Monthly Archives: December 2023

Phil 12.28.2023

HugingFace now has HuggingChat, which can be linked to multiple models. I wonder if there is an API? Looks like there is this unofficial one

SBIRs

  • 9:00 standup
  • Set up the HAI Overleaf using their template. The directions for preparing a submission file seem… unusual. Done! Pasted in a few sections from the book as placeholder

GPT Agents

  • Back up the SIGCHI paper – done!
  • 2:00 Meeting – couldn’t get in at first, but a good discussion about the paper.

Phil 12.21.2023

Winter solstice. Going to see the lights at Longwood Gardens

GPT Agents

  • Had a good (quick) chat with Jimmy and Shimei about the SIGCHI paper. We are in agreement that focusing on the RAG errors makes good sense
  • Rough out the methods and results sections

SBIRs

  • Had a good exchange with Julie about meeting with her AI/Cyber folks at NIST

Phil 12.20.2023

40 hours until the days start getting longer!

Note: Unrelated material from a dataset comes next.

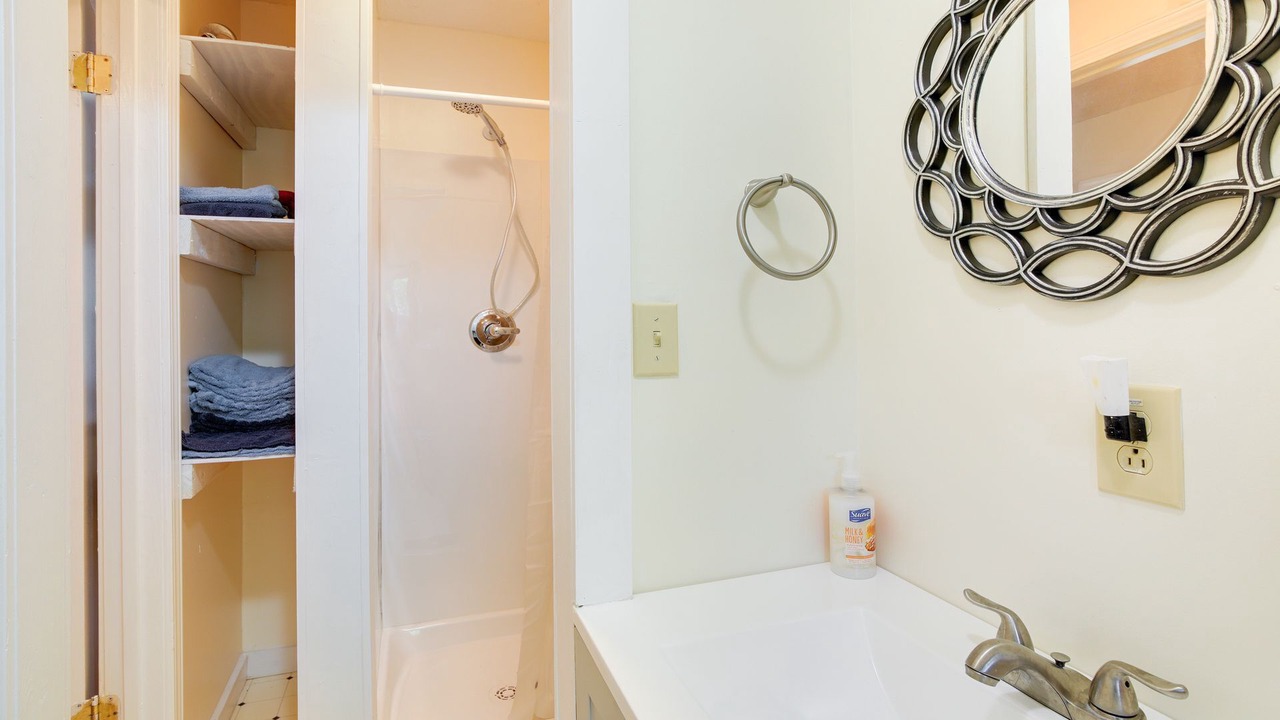 Photo of Bathroom in Fruitvale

Carbon offsets from the UN. Looks like I use about 18 tons according to their calculator. So get 75 for F&F. Done!

NewsGuard provides transparent tools to counter misinformation for readers, brands, and democracies. Since launching in 2018, its global staff of trained journalists and information specialists has collected, updated, and deployed more than 6.9 million data points on more than 35,000 news and information sources, and cataloged and tracked all of the top false narratives spreading online.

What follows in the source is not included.